Meta 3D Gen

Authors :: Bensadoun, Raphael
Monnier, Tom
Kleiman, Yanir
Kokkinos, Filippos
Siddiqui, Yawar
Kariya, Mahendra
Harosh, Omri
Shapovalov, Roman
Graham, Benjamin
Garreau, Emilien
Karnewar, Animesh
Cao, Ang
Azuri, Idan
Makarov, Iurii
Le, Eric-Tuan
Toisoul, Antoine
Novotny, David
Gafni, Oran
Neverova, Natalia
Vedaldi, Andrea
Publication Year :: 2024
Abstract: We introduce Meta 3D Gen (3DGen), a new state-of-the-art, fast pipeline for text-to-3D asset generation. 3DGen offers 3D asset creation with high prompt fidelity and high-quality 3D shapes and textures in under a minute.

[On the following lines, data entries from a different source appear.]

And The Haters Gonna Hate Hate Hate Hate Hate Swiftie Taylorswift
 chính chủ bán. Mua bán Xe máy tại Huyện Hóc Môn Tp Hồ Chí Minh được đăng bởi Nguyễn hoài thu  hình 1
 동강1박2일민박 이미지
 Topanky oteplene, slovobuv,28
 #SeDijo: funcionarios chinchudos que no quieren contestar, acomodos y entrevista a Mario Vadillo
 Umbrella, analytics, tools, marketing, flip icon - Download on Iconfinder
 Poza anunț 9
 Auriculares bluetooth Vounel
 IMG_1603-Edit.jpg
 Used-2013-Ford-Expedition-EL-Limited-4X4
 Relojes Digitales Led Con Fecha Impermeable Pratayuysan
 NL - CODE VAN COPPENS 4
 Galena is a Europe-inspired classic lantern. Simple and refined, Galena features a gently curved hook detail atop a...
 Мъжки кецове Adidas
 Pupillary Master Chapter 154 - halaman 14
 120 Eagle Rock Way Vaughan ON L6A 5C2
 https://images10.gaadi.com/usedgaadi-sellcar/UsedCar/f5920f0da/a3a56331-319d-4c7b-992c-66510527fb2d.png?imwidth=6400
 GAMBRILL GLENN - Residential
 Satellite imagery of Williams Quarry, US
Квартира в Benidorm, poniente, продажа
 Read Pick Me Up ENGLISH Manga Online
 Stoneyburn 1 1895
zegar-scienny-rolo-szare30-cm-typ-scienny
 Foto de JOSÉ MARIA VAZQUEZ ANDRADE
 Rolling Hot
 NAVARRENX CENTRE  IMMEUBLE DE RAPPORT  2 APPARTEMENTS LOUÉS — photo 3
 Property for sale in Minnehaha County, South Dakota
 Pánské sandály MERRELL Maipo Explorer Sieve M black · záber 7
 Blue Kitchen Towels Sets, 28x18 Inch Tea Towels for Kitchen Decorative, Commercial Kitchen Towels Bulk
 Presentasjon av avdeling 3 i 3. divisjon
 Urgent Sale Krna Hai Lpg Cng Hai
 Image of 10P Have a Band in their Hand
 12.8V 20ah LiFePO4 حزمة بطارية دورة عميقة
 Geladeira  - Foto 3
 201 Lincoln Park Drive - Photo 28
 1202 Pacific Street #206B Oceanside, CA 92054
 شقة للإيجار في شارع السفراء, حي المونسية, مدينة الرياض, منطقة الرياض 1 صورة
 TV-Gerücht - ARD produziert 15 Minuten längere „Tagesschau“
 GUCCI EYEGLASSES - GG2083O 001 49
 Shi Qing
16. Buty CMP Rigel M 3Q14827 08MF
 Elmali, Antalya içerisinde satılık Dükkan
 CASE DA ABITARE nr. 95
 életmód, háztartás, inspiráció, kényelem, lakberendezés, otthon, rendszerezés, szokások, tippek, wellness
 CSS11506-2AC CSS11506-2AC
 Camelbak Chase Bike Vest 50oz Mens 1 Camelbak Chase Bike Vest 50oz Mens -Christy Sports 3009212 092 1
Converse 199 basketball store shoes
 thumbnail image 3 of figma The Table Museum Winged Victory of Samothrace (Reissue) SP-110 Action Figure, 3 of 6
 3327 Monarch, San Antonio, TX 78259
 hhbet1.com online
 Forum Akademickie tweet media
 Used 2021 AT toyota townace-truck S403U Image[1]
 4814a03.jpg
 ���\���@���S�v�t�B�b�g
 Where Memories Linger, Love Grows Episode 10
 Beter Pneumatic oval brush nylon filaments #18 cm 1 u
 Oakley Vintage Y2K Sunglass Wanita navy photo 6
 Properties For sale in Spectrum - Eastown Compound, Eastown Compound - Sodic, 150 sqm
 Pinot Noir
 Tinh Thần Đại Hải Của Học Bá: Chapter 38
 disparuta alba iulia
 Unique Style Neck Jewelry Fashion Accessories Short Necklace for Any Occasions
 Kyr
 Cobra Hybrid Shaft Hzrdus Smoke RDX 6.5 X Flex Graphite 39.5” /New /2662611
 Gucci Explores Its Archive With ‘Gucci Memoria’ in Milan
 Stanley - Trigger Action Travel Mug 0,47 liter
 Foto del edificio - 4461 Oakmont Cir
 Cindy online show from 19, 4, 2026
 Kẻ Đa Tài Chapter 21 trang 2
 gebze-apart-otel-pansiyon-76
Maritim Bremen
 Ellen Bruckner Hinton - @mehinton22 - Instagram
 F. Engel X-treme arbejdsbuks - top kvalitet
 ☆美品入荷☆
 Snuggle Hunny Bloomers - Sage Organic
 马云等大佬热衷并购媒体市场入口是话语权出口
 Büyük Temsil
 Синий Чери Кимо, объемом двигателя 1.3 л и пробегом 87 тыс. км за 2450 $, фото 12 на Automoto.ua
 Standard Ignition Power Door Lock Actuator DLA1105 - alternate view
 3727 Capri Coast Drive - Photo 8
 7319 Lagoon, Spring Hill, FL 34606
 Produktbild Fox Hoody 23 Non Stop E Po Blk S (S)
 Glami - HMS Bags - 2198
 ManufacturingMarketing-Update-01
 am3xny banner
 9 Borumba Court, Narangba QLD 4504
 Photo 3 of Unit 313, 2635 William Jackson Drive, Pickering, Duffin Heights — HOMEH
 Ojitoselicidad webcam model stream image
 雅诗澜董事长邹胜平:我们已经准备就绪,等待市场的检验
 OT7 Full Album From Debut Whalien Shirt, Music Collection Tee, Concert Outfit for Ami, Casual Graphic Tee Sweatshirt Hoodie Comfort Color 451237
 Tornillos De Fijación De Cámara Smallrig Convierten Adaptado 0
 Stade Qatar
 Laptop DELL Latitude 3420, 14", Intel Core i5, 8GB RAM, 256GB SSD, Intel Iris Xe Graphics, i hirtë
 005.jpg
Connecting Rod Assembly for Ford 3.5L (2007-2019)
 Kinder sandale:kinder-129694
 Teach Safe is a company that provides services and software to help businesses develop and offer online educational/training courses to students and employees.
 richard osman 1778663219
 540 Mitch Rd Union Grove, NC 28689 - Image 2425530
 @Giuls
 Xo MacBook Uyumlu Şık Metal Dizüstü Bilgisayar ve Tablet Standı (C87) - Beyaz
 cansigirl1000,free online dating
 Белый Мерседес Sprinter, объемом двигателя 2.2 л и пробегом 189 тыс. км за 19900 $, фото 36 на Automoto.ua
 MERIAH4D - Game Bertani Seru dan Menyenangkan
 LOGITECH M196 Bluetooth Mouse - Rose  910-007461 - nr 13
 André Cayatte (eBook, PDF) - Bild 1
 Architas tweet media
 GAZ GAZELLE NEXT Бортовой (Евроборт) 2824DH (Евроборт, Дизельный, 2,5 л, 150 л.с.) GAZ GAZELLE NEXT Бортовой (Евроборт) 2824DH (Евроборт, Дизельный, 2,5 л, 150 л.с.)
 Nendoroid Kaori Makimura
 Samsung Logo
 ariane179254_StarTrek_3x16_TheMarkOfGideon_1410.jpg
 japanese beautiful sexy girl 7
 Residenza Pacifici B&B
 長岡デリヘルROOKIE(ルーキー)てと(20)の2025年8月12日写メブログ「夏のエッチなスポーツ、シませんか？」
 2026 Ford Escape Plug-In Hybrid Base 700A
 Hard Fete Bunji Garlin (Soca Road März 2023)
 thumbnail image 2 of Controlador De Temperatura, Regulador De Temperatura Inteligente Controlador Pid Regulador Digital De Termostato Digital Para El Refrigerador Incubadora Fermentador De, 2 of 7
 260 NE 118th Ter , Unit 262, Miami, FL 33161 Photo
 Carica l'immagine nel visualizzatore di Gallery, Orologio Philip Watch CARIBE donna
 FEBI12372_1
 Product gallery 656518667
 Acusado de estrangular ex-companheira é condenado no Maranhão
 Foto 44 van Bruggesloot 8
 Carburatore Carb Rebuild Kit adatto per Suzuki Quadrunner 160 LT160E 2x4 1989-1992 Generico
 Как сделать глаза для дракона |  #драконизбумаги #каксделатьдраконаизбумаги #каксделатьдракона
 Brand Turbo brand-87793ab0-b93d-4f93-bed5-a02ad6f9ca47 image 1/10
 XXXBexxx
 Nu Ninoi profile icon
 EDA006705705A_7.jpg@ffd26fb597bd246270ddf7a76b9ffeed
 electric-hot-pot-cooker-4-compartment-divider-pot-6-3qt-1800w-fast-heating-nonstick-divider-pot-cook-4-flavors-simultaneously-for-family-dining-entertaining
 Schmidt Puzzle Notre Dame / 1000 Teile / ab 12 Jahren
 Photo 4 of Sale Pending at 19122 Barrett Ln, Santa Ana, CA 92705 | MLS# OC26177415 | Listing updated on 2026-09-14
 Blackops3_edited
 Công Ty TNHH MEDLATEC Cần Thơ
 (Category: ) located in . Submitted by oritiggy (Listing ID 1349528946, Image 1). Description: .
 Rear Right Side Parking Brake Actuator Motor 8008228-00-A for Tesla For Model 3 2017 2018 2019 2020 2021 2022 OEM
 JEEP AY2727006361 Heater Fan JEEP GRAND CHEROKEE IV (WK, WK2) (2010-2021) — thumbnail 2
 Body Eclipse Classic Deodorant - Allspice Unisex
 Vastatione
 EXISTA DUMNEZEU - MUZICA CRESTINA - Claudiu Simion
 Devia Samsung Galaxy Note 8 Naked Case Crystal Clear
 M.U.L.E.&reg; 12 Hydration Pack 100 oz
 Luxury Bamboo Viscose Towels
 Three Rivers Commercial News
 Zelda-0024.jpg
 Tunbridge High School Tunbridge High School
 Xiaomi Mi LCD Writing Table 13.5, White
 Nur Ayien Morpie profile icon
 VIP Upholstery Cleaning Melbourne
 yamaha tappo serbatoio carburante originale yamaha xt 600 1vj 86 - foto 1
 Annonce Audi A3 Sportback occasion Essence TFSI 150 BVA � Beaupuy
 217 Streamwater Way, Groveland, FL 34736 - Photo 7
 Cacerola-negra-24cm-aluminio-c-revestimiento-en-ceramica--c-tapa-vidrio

It supports physically-based rendering (PBR), necessary for 3D asset relighting in real-world applications. Additionally, 3DGen supports generative retexturing of previously generated (or artist-created) 3D shapes using additional textual inputs provided by the user. 3DGen integrates key technical components, Meta 3D AssetGen and Meta 3D TextureGen, that we developed for text-to-3D and text-to-texture generation, respectively. By combining their strengths, 3DGen represents 3D objects simultaneously in three ways: in view space, in volumetric space, and in UV (or texture) space. The integration of these two techniques achieves a win rate of 68% with respect to the single-stage model. We compare 3DGen to numerous industry baselines, and show that it outperforms them in terms of prompt fidelity and visual quality for complex textual prompts, while being significantly faster.